● DATA PROVIDED:
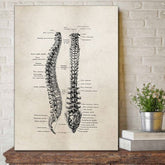 Steampunk spine anatomy drawing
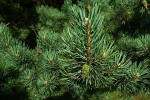 pino_albero_generica_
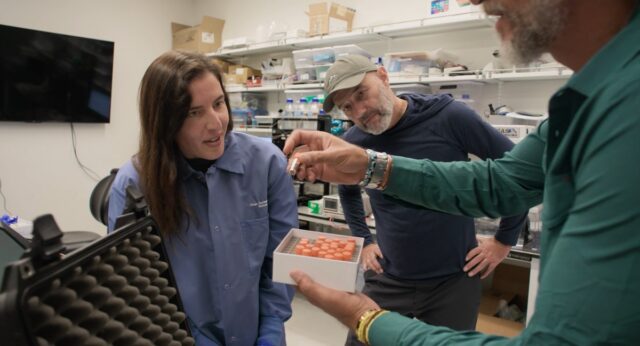Dr. Katherine Solari and Dr. Dmitri Petrov, both of Stanford University, receive DNA samples of a ghost elephant from Dr. Steve Boyes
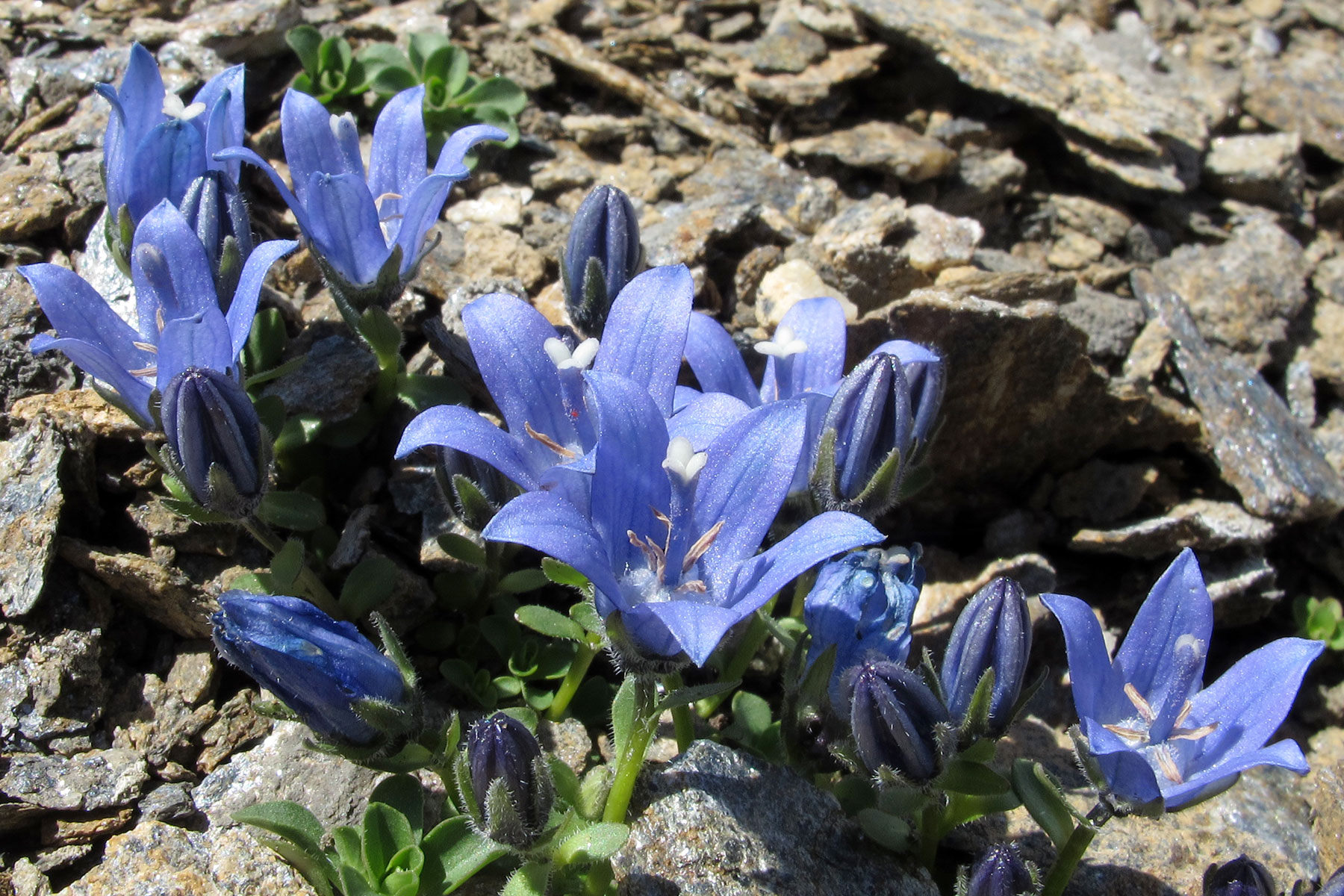 Campanula cenisia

● TASK GOAL:
The whole listing is to be retyped exactly, with its pictures removed.

● PROBLEM SOLUTION:
 Steampunk spine anatomy drawing
 pino_albero_generica_
Dr. Katherine Solari and Dr. Dmitri Petrov, both of Stanford University, receive DNA samples of a ghost elephant from Dr. Steve Boyes
 Campanula cenisia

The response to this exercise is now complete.